| Brief |
Within the entries below, output exactly the lines between the line containing "Figure 2 for" and the line containing "153041-moms_weirdpregsymptoms_v01_ac_nail-lifting.png", inclusive, and omit any picture.

......

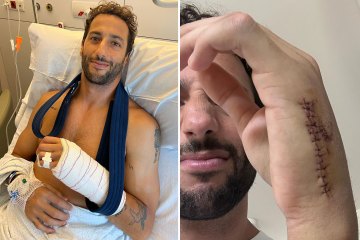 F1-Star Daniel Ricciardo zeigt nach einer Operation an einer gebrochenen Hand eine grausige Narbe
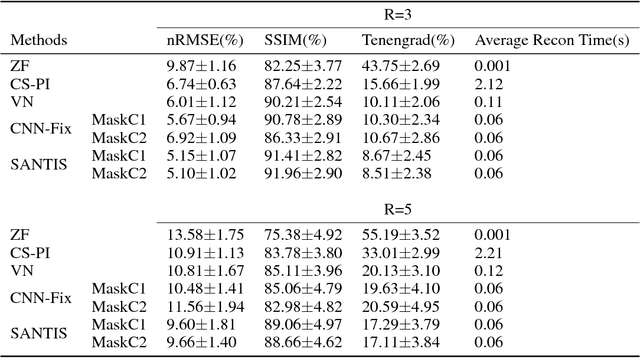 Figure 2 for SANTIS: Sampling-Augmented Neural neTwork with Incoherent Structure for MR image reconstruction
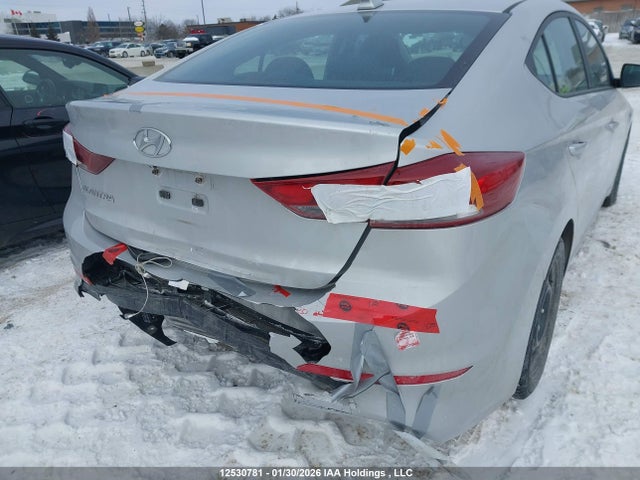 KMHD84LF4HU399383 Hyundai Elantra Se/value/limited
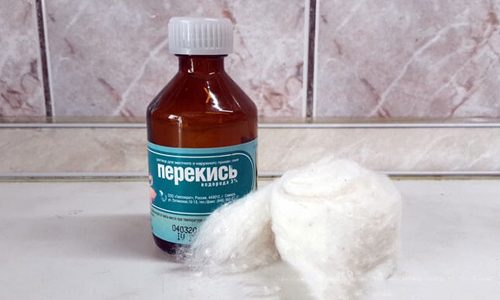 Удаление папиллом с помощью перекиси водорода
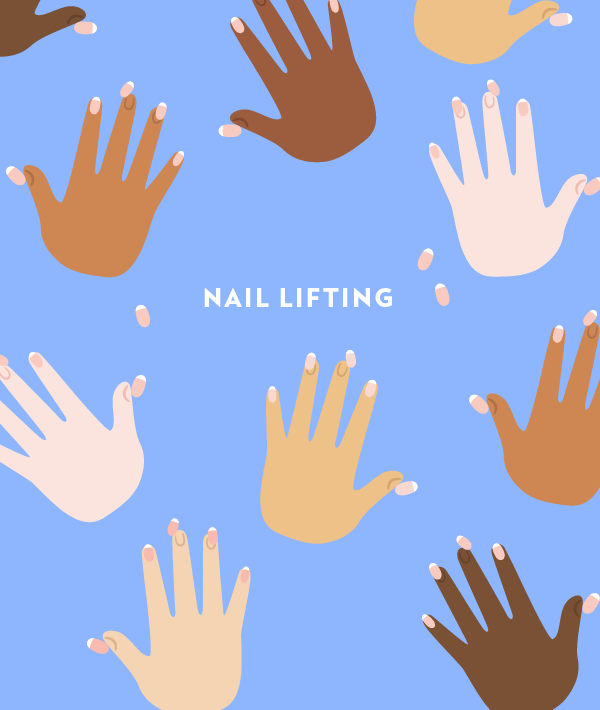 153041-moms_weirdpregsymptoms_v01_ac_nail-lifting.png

......

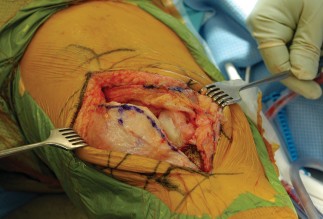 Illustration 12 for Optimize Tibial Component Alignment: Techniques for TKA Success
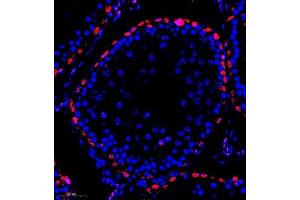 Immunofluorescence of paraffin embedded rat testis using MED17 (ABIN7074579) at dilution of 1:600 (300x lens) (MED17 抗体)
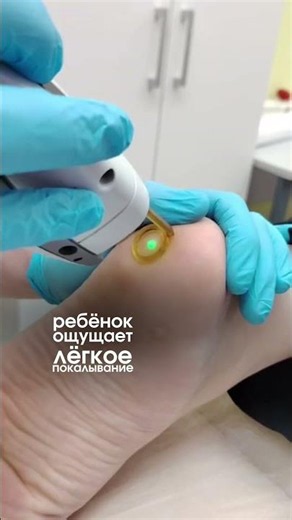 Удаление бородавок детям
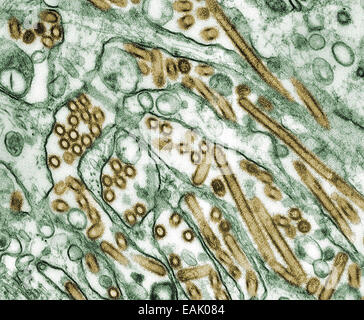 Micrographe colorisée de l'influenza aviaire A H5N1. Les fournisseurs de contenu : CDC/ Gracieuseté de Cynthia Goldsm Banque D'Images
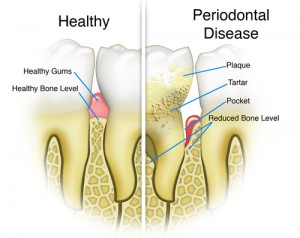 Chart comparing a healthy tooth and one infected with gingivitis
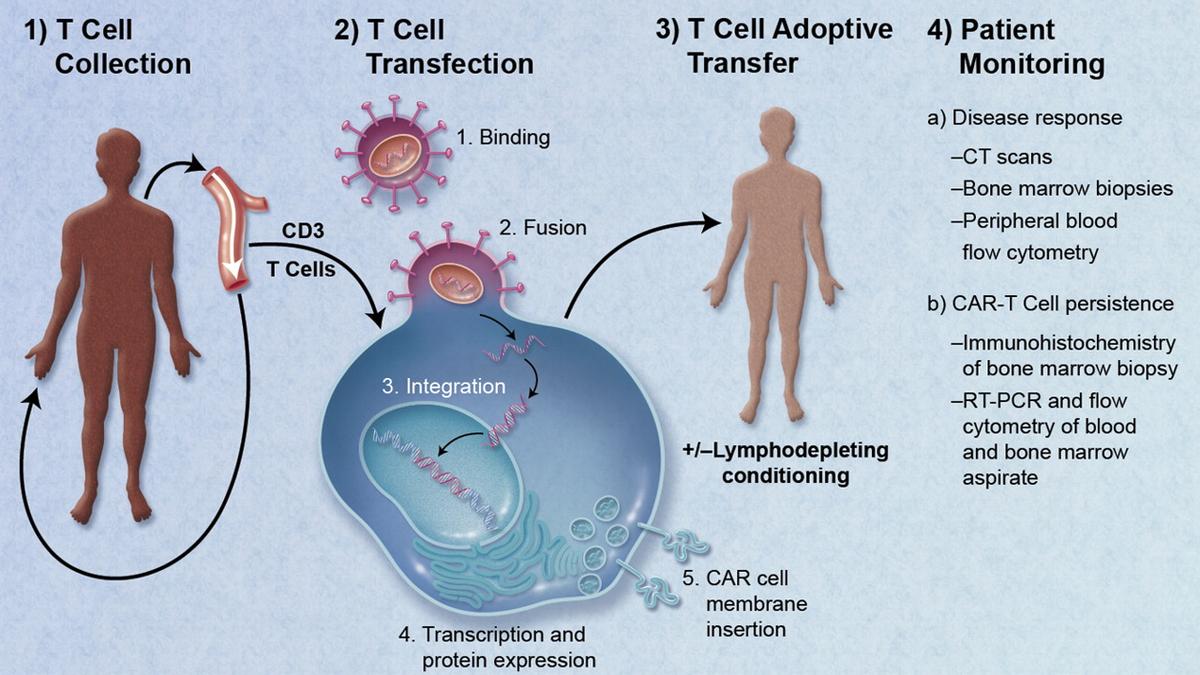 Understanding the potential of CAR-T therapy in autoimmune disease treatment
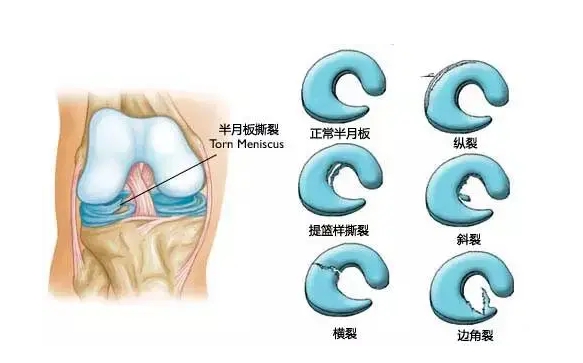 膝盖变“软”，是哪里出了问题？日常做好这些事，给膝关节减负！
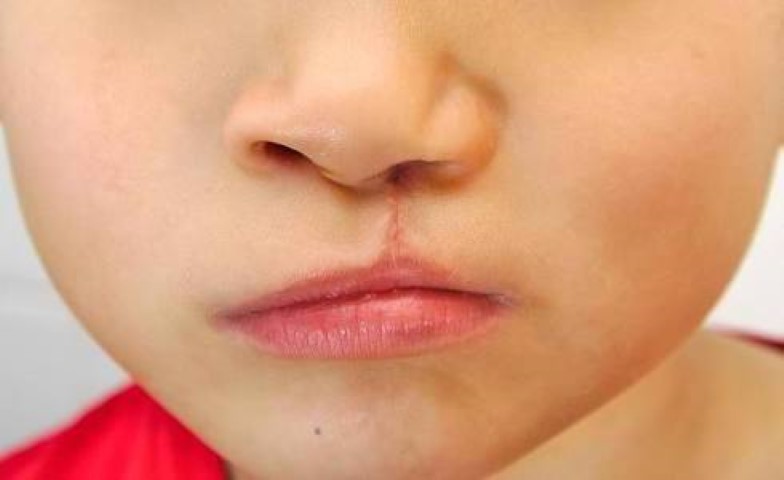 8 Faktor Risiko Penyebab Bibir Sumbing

......

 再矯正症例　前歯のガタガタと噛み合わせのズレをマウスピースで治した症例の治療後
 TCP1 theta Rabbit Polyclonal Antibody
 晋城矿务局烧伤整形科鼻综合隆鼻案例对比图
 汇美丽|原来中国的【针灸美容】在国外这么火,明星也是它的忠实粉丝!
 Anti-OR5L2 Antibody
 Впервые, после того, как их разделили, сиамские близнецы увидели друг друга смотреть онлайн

......

| Result for this task |
 Figure 2 for SANTIS: Sampling-Augmented Neural neTwork with Incoherent Structure for MR image reconstruction
 KMHD84LF4HU399383 Hyundai Elantra Se/value/limited
 Удаление папиллом с помощью перекиси водорода
 153041-moms_weirdpregsymptoms_v01_ac_nail-lifting.png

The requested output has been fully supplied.